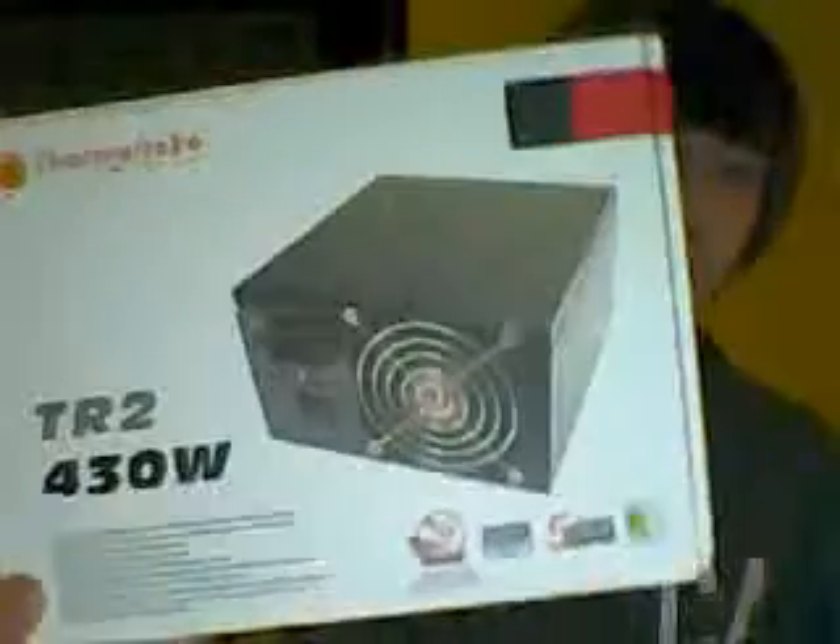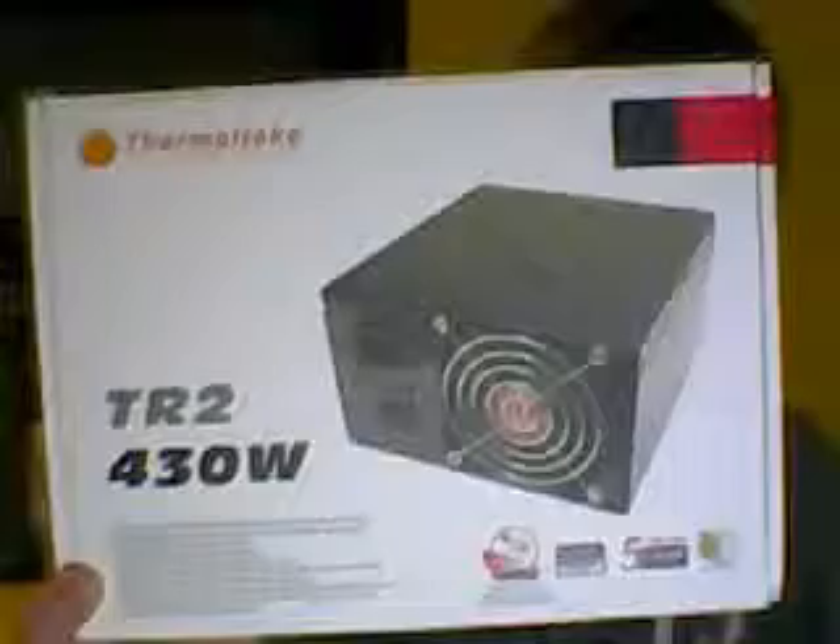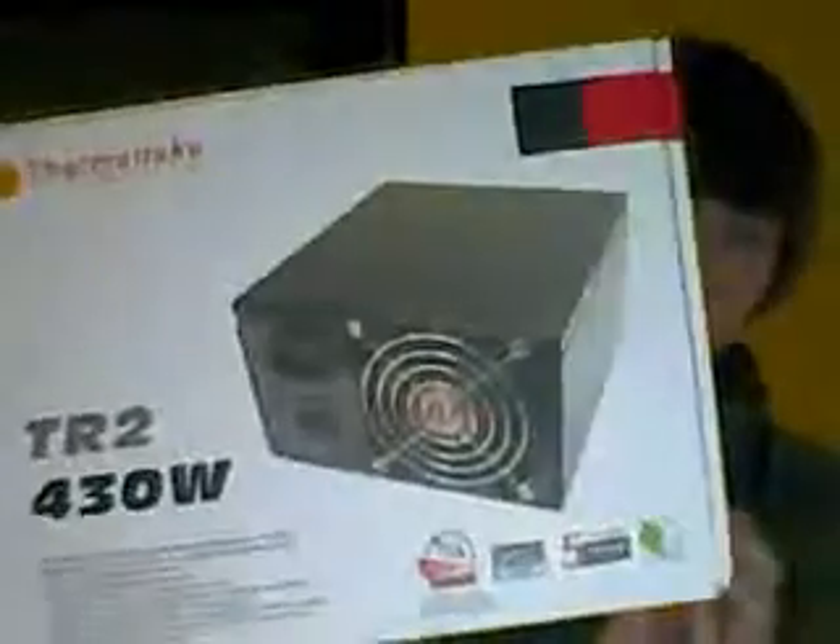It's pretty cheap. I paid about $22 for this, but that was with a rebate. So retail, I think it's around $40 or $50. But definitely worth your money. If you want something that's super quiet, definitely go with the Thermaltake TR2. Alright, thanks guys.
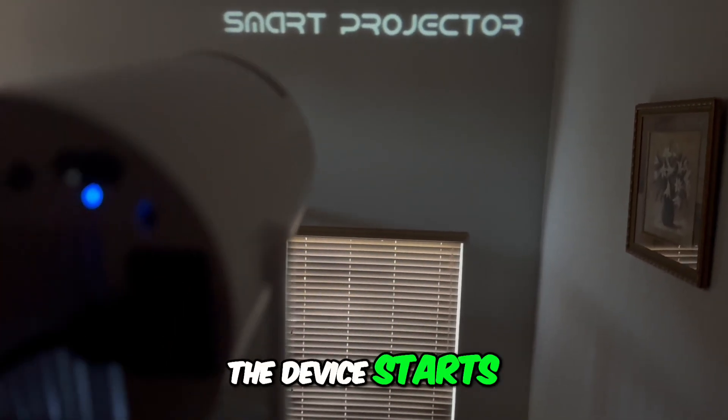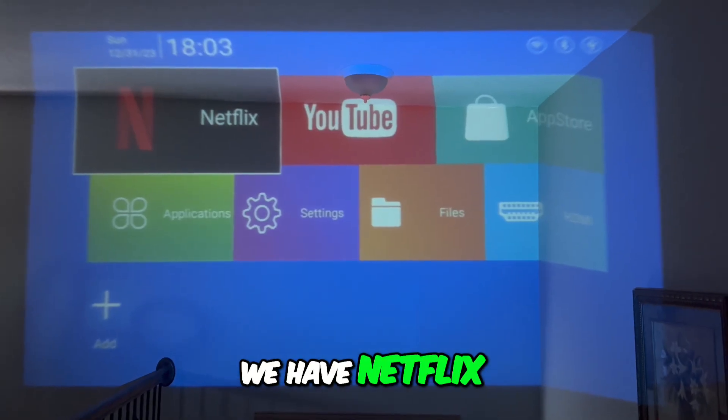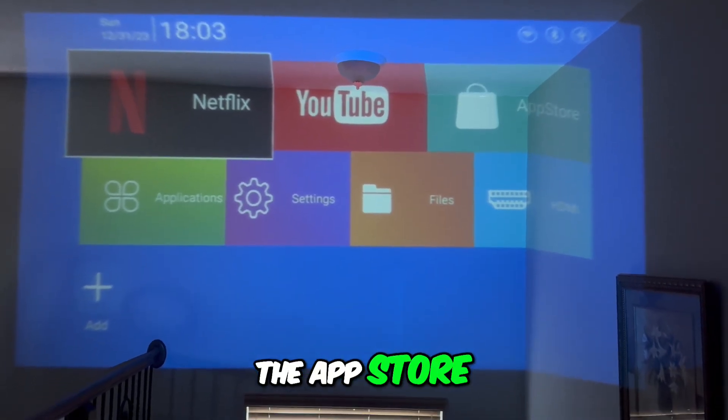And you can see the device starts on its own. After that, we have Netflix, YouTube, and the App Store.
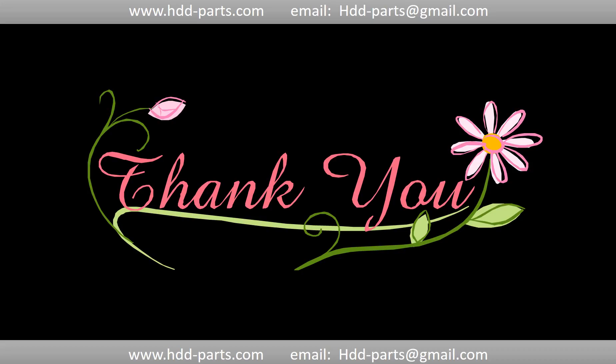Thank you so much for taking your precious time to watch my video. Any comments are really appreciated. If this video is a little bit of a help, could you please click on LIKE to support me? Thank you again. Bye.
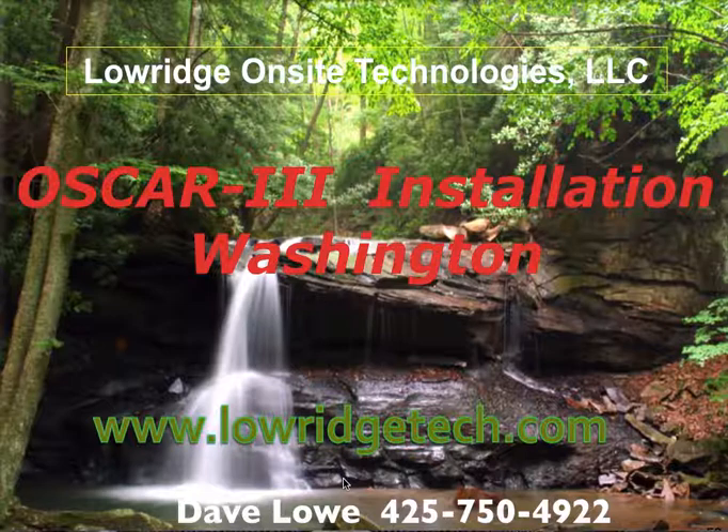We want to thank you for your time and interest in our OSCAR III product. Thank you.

_ _ _ _ _ _ _

* REQUIRED WORK: The span to retype runs from the line containing "Thank you so" through the last line of the listing above, both ends included; copy it exactly, without pictures.

* SOLUTION FOR THIS EXERCISE:
Thank you so much for taking your precious time to watch my video. Any comments are really appreciated. If this video is a little bit of a help, could you please click on LIKE to support me? Thank you again. Bye.
We want to thank you for your time and interest in our OSCAR III product. Thank you.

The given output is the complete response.